Brasilianische Klassiker in Neuauflage II: Die Literatur des Nordostens

Graciliano Ramos und João Ubaldo Ribeiro

Von Tobias GunstRSS-Newsfeed neuer Artikel von Tobias Gunst

Besprochene Bücher / Literaturhinweise

Brasiliens Weg in die literarische Moderne ist untrennbar mit der Literatur des sertão verbunden – jener spärlich besiedelten, kargen Region im Nordosten des Landes, die noch immer kaum erschlossen ist und mit ihrer steppenartigen Flora und lang  andauernden Trockenheit in einem der Naturdichtung entlehnten Wortsinne alles andere als landschaftlich ‚schön‘ bezeichnet werden kann. Die sertão-Literatur ist eine der wichtigsten Strömungen in der brasilianischen Literatur des 20. Jahrhunderts. Anlässlich der Buchmesse gibt der Wagenbach-Verlag mit der Neuauflage zweier Klassiker dem deutschen Leser die Möglichkeit, die Region im Nordosten des Landes literarisch zu erleben. Graciliano Ramos´ 1938 erschienenes „Karges Leben“ markiert dabei den Anfangspunkt einer Entwicklung, die mit João Ubaldo Ribeiros brachialem Roman „Sargento Getúlio“ ihren gleichermaßen furiosen wie traurigen Höhepunkt findet.

Der sertão ist rau, ursprünglich und mitunter gefährlich: nicht nur der wilden Tiere und tödlichen Insekten wegen, die hier leben, sondern auch wegen der extremen klimatischen Bedingungen, die dem Menschen das Überleben schwer machen. Nicht zuletzt ist es die Entfernung von der Zentralregierung – erst in Rio, dann in Brasilia –, die dafür sorgte, dass im Nordosten etwas andere Strukturen und Gesetze herrschten.
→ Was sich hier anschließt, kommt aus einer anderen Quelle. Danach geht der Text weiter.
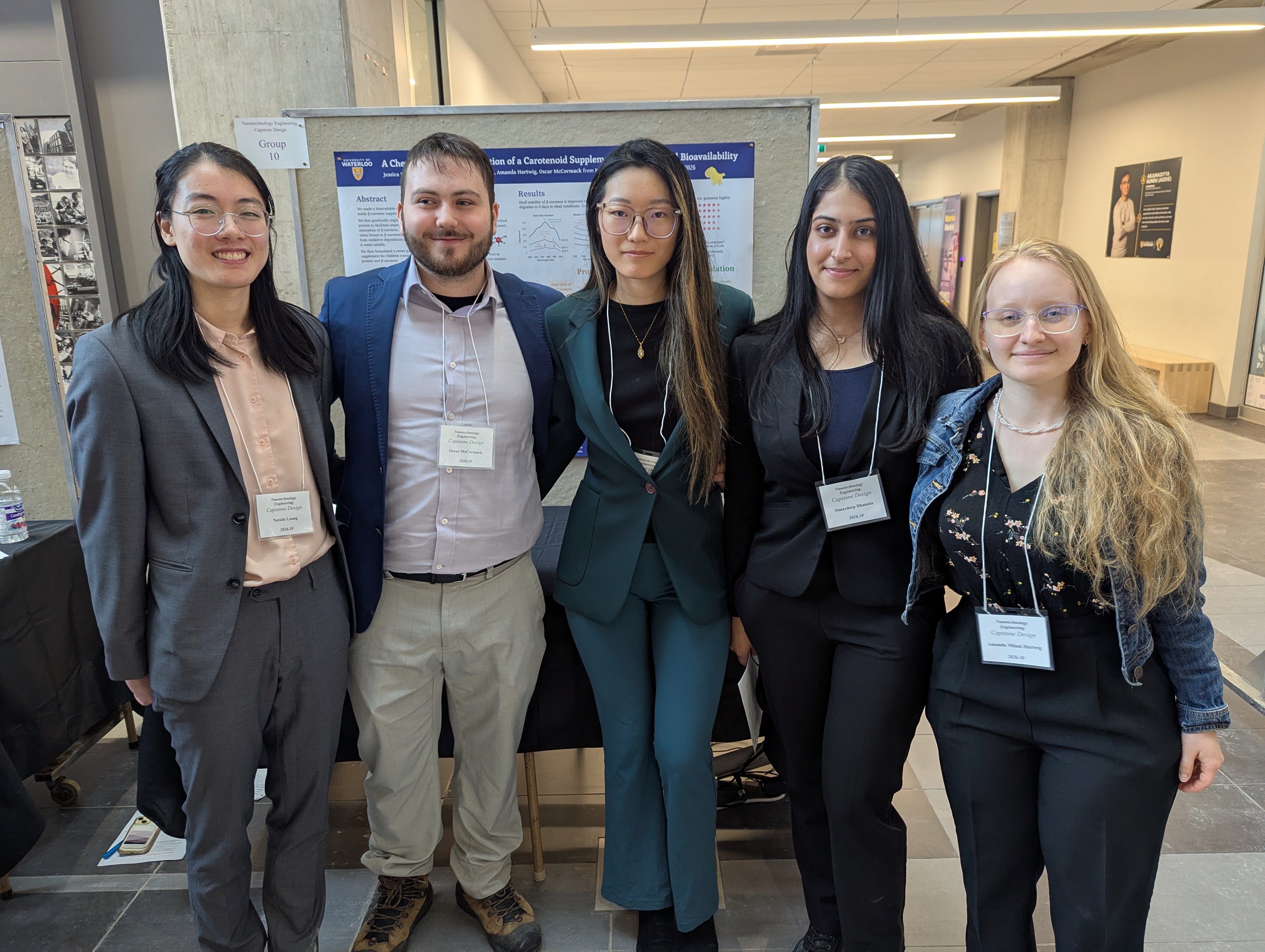 three women and a man smiling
Bis weit in das 20. Jahrhundert hinein war das Zusammenleben feudal strukturiert, reiche Landgutbesitzer herrschten über ihre Ländereien, hielten sich abgehalfterte Söldner als Wachen – sogenannte jagunços – und sorgten dafür, dass die umliegenden Dorfbewohner Arbeit und Nahrung hatten. Die Situation hat sich mittlerweile geändert. In den 1970er- und 1980er- Jahren kam es durch die Binnenwanderung in den Südosten zu einer fortschreitenden Entvölkerung der nordöstlichen Regionen, die Landwirtschaft verlor mehr und mehr an Einfluss, die Industrie wurde zum Motor des Landes. Inzwischen leben nur noch rund 15% der Brasilianer auf dem Land, während die Städte explodieren. Diese Modernisierung des Landes und die damit einhergehende zunehmende Marginalisierung des Nordostens war immer begleitet von einer Literatur, die sich zum einen als Speichermedium für die Traditionen und Besonderheiten dieser Region verstand, zum anderen aber auch einen kritischen Kommentar darstellte. Sie machte auf die Gefahr der zunehmenden Zentralisierung aufmerksam: dass dabei Teile des Landes in Vergessenheit zu geraten drohen.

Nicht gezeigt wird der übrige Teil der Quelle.